裁判官から証言台の前に立つよう指示された上,
 ・名前
 ・生年月日
 ・本籍
 ・住所
 ・職業
を質問されます。

2)起訴状朗読

次に,起訴状の朗読が行われます。
検察官が,起訴状に書かれている公訴事実,罪名,罰条が読み上げられます。

3)黙秘権の告知

続いて,裁判官から黙秘権の告知があります。
終始沈黙することもできること,個々の質問に対しある質問には答え,ある質問には答えないとすることもできること,質問に答えた内容については自己有利不利を問わず裁判の証拠になるということが説明されます。

4)罪状認否

その上で,一般に罪状認否と呼ばれる手続が行われます。
裁判官から,起訴状に書かれてある公訴事実について,どこか違っていることがあるかということを尋ねられます。
被告人に続いて,弁護人にも意見が求められます。

■2.証拠調べ手続

1)冒頭陳述

冒頭手続が終わった後,証拠調べ手続が行われます。
刑事裁判において,有罪を立証をする責任は検察官にあります。
まず,検察官が冒頭陳述を行います。

冒頭陳述は,証拠調べの冒頭において証拠によって証明しようとする事実を明らかにする手続です。
検察官から,犯行に至る経緯,犯行状況,犯行後の事情などが簡潔に述べられるのが通常です。
弁護人からの冒頭陳述は,弁護人から求めなければ実施されません。

2)検察官の証拠調べ

検察官の冒頭陳述の後,検察官が請求する証拠のうち,弁護人が同意した証拠書類や異議のない証拠物についての取調べが行われます。
証拠書類について,その内容を逐一読み上げられるのではなく,その要旨を告げられるのが通常です。

3)弁護人の証拠調べ

検察官が請求した証拠の取調べが終わった後,弁護側の証拠の取調べが行われます。
検察官の請求証拠と同様に,検察官が同意する証拠書類や異議のない証拠物の取調べや,異議のない証人の尋問が行われます。

4)被告人質問

そして,最後に被告人質問が行われるのが通常です。
被告人質問は,被告人自身が証言台に立って質問に答えます。
まずは弁護人からの質問に答え,次に検察官からの質問があり,最後に裁判官が質問します。
当時の生活状況,犯行に至る経緯,犯行状況,犯行後の状況といった犯行に関わる内容や,逮捕,起訴後の反省や今後の生活など一般的な情状に関わる事項について話してもらうことが通常です。

■3.論告・弁論・最終陳述

証拠調べが終わった後は,まず検察官から論告・求刑を行います。
起訴状に書かれてある公訴事実について証明十分であるとした上で,判決で言い渡されるべき刑の重さに関する主張を行い,検察官として懲役何年などとの求める刑の重さを述べます。

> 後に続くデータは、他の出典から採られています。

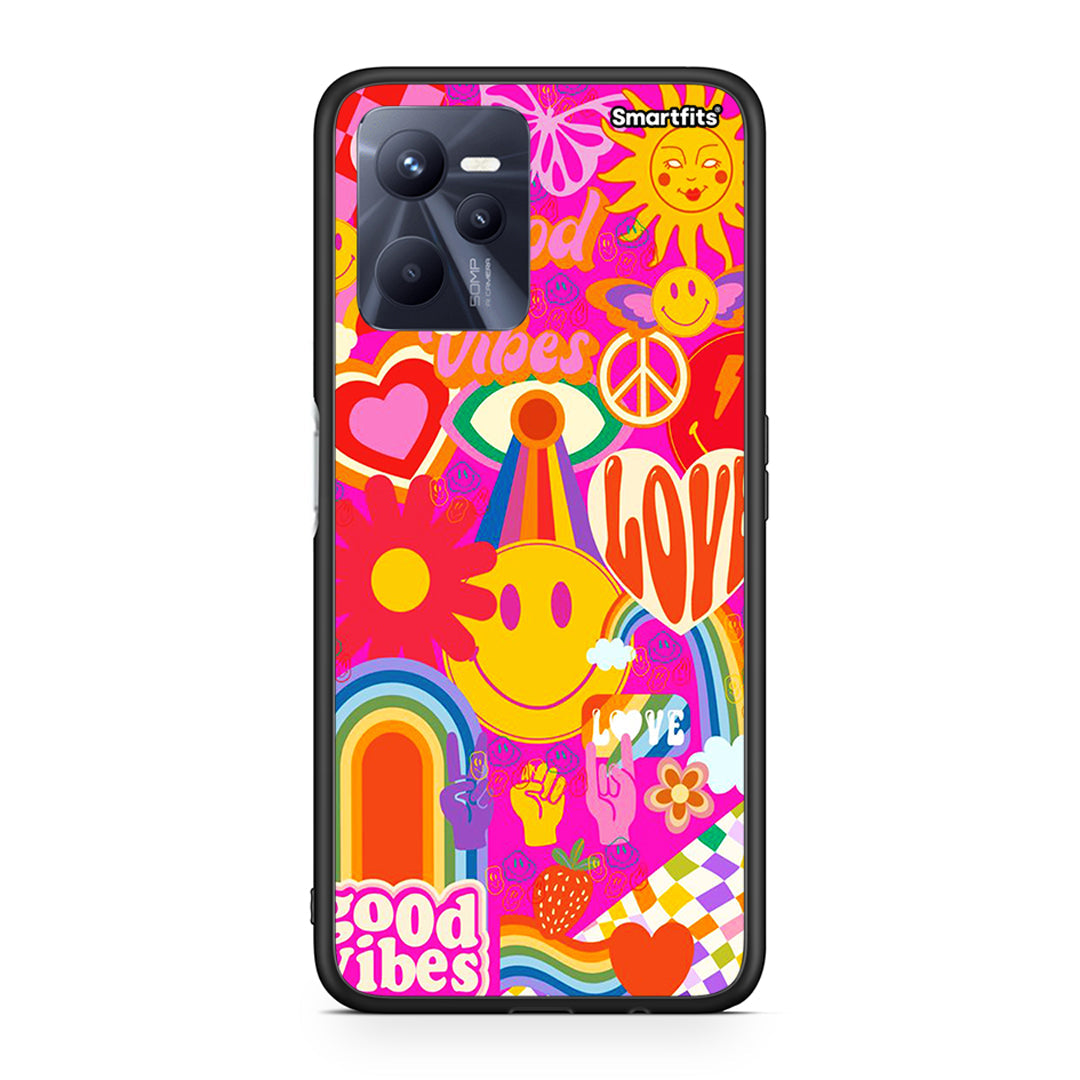 Realme C35 Hippie Love θήκη από τη Smartfits με σχέδιο στο πίσω μέρος και μαύρο περίβλημα | Smartphone case with colorful back and black bezels by Smartfits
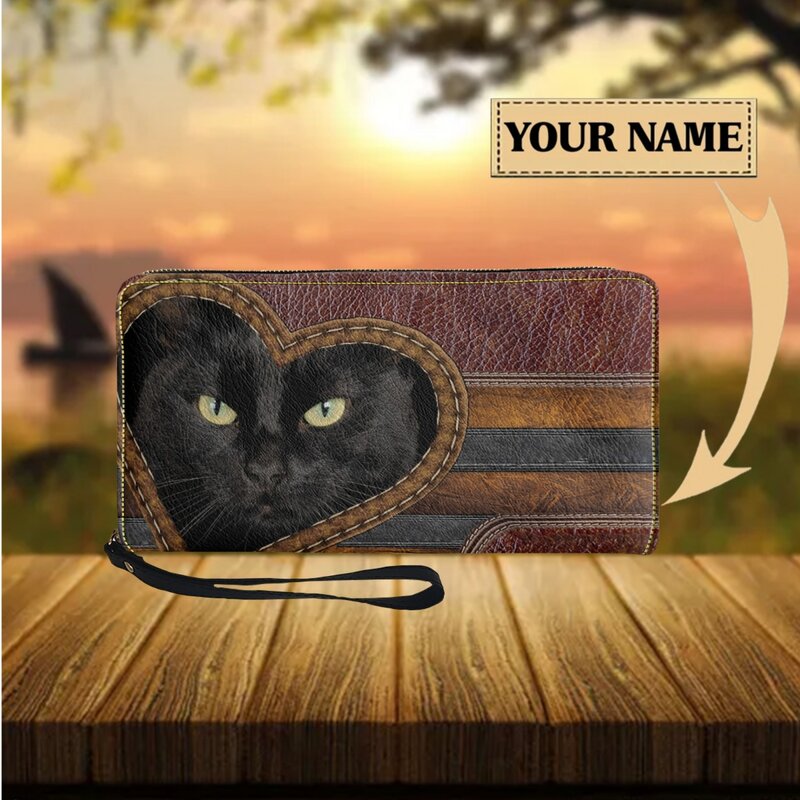 검은 고양이 동물 디자인 맞춤형 여성용 지갑, 지퍼 달린 긴 여행 지갑, 캐주얼 다기능 카드홀더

その後,弁護人が執行猶予や懲役何年が相応しいとする意見について述べます。

最後に,裁判官から審理を終わるにあたって被告人に何か言いたいことがあれば述べる機会を与えられます。
すでに被告人質問で話した内容を重なることが多いと思いますが,改めて反省や今後の更生について等を述べることが通常といえます。

第一審の判決言い渡し

■判決言い渡し期日

第一審の判決期日は,争いがない事件であれば第1回公判の1,2週間程度後の日にされることが通常といえます。
判決期日においては,被告人が何か質問されたり発言したりすることは予定されていません。

まず,裁判官から,被告人に対して証言台の前に立つよう指示があります。
その上で,裁判官から懲役何年などとの科す刑の結論が言い渡されます。
そして,その理由として,認定した罪となるべき事実や量刑の理由について説明があります。

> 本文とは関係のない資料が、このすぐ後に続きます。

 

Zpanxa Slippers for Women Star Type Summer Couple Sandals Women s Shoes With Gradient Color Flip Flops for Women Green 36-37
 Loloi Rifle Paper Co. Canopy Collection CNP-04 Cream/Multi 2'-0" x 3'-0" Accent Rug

判決の言い渡しがあった後,被告人に対して判決に不服があれば明日から14日以内に控訴することができることや控訴申立書の宛先,提出先についての説明があり,判決期日が終わります。

判決内容は口頭で言い渡されるもので,判決書については写しを交付するよう申請しなければ入手できません。
また,判決書の写しをすぐに入手できるとは限らず,入手未了のままで控訴するかどうかを検討しなければならないこともあり得ます。

■実刑判決後の保釈

保釈されていて実刑判決を受けた場合は,判決の言い渡し後,そのまま身体拘束を受けて勾留を受けることになります。
再度,保釈の請求をすることは可能です。
控訴申し立てを行う前に保釈の請求をすることも可能です。
再度の保釈を認めるかどうかは裁判官が判断します。
再度の保釈が認められた場合でも,保釈金の金額は第一審で認められていた額より増額されるのが通常です。